Supplied information START

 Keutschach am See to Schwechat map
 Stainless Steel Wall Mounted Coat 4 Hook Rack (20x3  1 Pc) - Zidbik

Supplied information END
Supplied information START

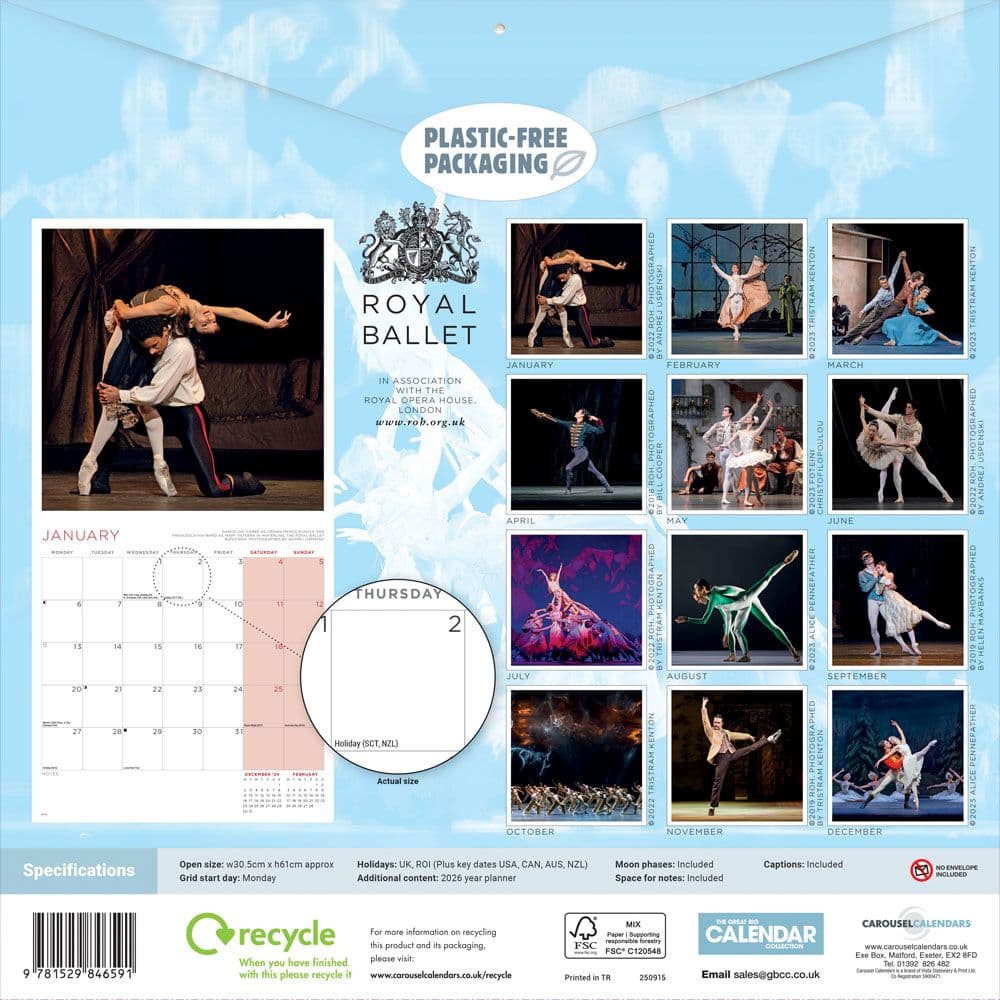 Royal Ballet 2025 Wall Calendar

Supplied information END
Supplied information START

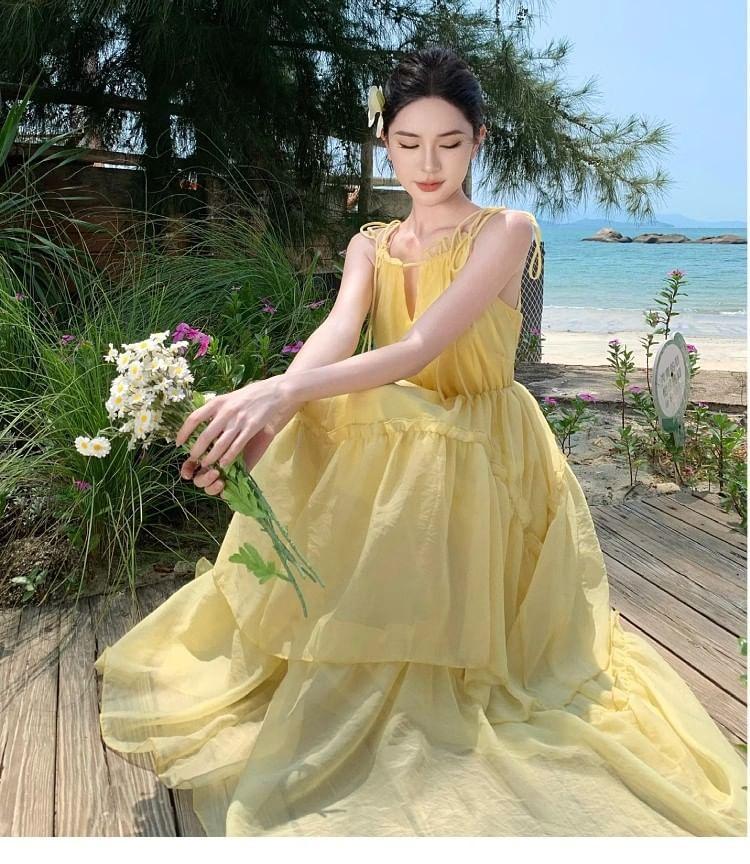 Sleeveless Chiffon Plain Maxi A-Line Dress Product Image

Supplied information END

Exercise:
Could you reproduce exactly the lines of the entries above, from the one with "Keutschach am See to Schwechat map" through the one with "Stainless Steel Wall", and nothing else?

Written response:
 Keutschach am See to Schwechat map
 Stainless Steel Wall Mounted Coat 4 Hook Rack (20x3  1 Pc) - Zidbik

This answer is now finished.